Hi my Fellow machinists,
It is time for me to relate the tale of a “Precision” 5C collet chuck. I will not say from whom I purchased the said items because I have not given them the chance to correct matters and it would be unfair to them.
To start at the begining, I have a collection of 5C collets, which I use in a Spin Indexer, so I thought I would buy a collet chuck to fit on my Bantam. I thought wouldn’t it be nice to just plonk a bit of stock in the lathe and have it run true first time, everytime. No more using the four jaw for everything. So, I machined a back plate, nice tight fit in the recess in the 5C chuck, drilled and tapped the holes for the holding bolts and bolted the chuck on. It is at this point that things started to not go according to plan. I foolishly thought a lump of 1″PGMS, would run true, it did not. Dammit, I thought it must not be a lump of PGMS after all. Ripped off, again! Had a bit of think time, a mug of coffee really, and measured the run out about 6″ from the chuck, miles out. Thinks, must have machined the back plate out of true, not quite sure how I could but what do I know?
Round two, put the DTI on the back plate, register and face, showed no run out, phew, I am not as bad at machining as I thought. What to do? I know , reduce size of register, if it was good enough for GHT, it’sgood enogh for me. Took about five thou of diameter of register and bolted the chuck back on, and tapped it true, Great I thought, wrong, just as far out six inches from collet. I know, bits of cooking foil between chuck and back plate, to even up wobble. Yeah right! Several itterations later, over a couple of days, could not get it to run up to expectations. I even tried curing problem by facing the rear of the chuck, no improvement.
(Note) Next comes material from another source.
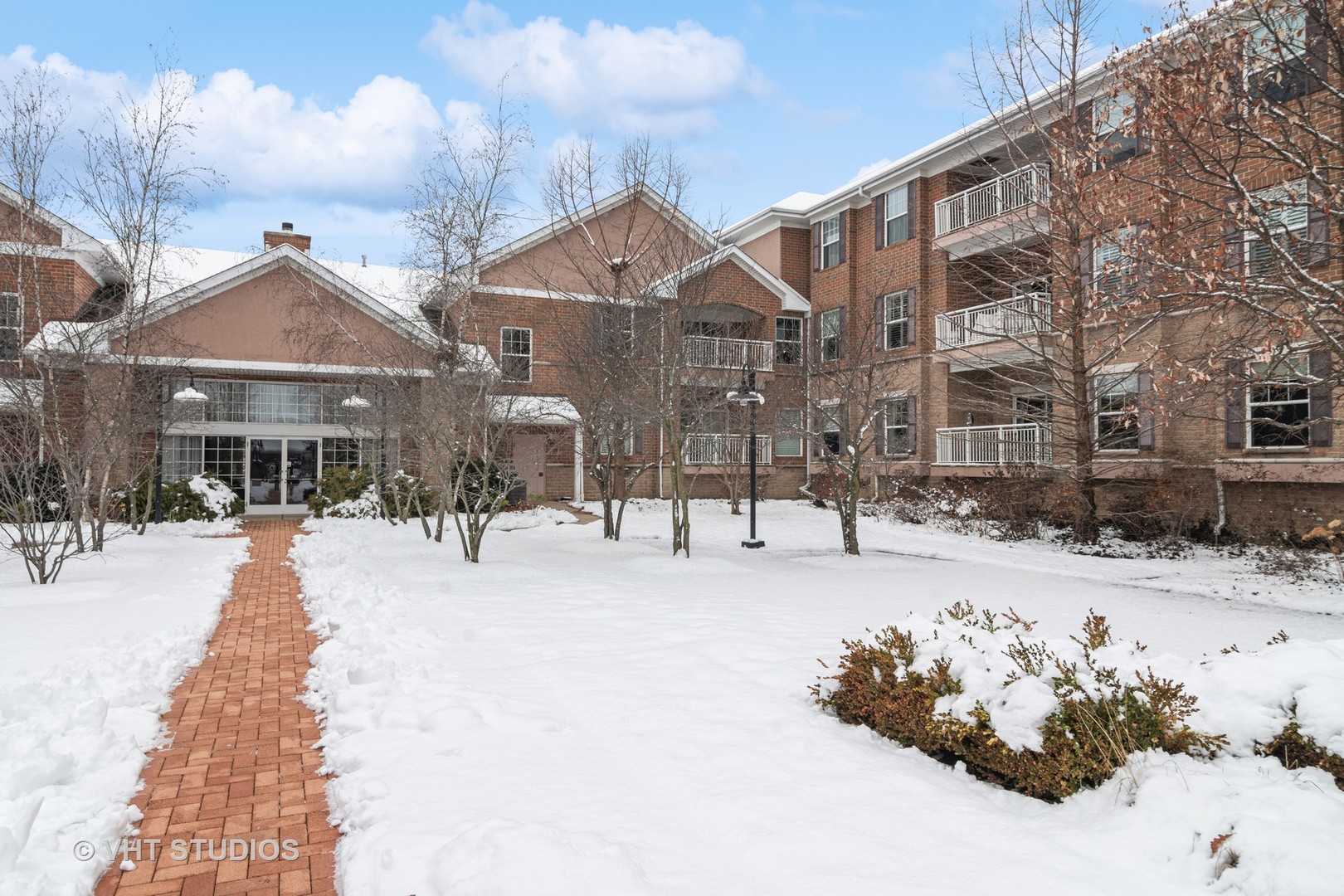 2692 Stone Circle Unit: 203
Round three, found a video of some chappie across the pond about his “precision” 5C collet chuck and how wonderful it was to just plonk a bit of stock in the collet and have it run true first time everytime, sound familiar? So finally got round to trying to make it work, again. Set the thing up, put 1″ PGMS in collet and checked with a DTI, got it running dead true at collet, with the aid of a big rubber mallet, sounds better than saying a big hammer, then checked at six inches away, out by roughly 15 thou. Another thickness of foil and many whacks of hammer, sorry mallet, got it true at collet and ten(ish) thou at six inches, hmm progress. Another thickness of foil and hey presto it seems to be as accurate as I had hoped. Wrong again, ‘cos when I took the bar out and put it in again, the blasted thing was out. What I noticed was that when I tightened the collet the DTI moved, this was not meant to happen! Then I noticed that I could move the bar out of true by pulling it. This also was not meant to happen.
Thinks! It must be that the the collet is not as good a fit in the chuck as it should be, so I measured them, all were about 1 thou undersize 1.249″ against correct size of 1.250″. Then I measured the inside of the chuck, 1.251″, this means that the 2thou play allowed all the movement and aggro. I tried the least undersize collet and sure enough the max wobble was smaller than before.
We now come to the reason for the post, how to fix problem, without spending many hundreds of beer and petrol tokens on Hardinge collets and collet chuck.
The best solution I can think of is to drill through side of chuck at three or four points and insert adjustable brass points, rather like a fixed steady, which will then be bored to the right diameter to hold the collet firmly. As all but three collets are 1 thou under size, this should fix most of the problem, but what do you folks think? Other thoughts (dismissed) were to have collets chromed and ground back to size. Another was to plate the chuck and bore it to size, also dismissed.
The other question is, am I expecting too much, should “precision” mean dead accurate or as some suppliers seem to think near enough is good enough. Granted that the parts are at the budget end of the market, but one collet, namely the ER converting one, is only available from one supplier and yes it is ! thou under, just like the others. Seems odd that nearly all the collets, which have of course a ground finish are the same amount undersize, why could they not grind them to the correct size, as they can grind them consistanly to the same but wrong size? The collets by the way come from at least three different manufacturers, judging by the slight differences in form.
With all this farting about looking for some form of true precision, is it any wonder I am giving serious thought to giving up this ridiculous hobby of ours. Just think no more little brass needles stuck in my poor little digits. Sounds good to me. I wonder where I can learn something useful, like cake decorating perhaps, at least with that hobby you can eat your mistakes!
Any thoughts, out there in ‘puterland?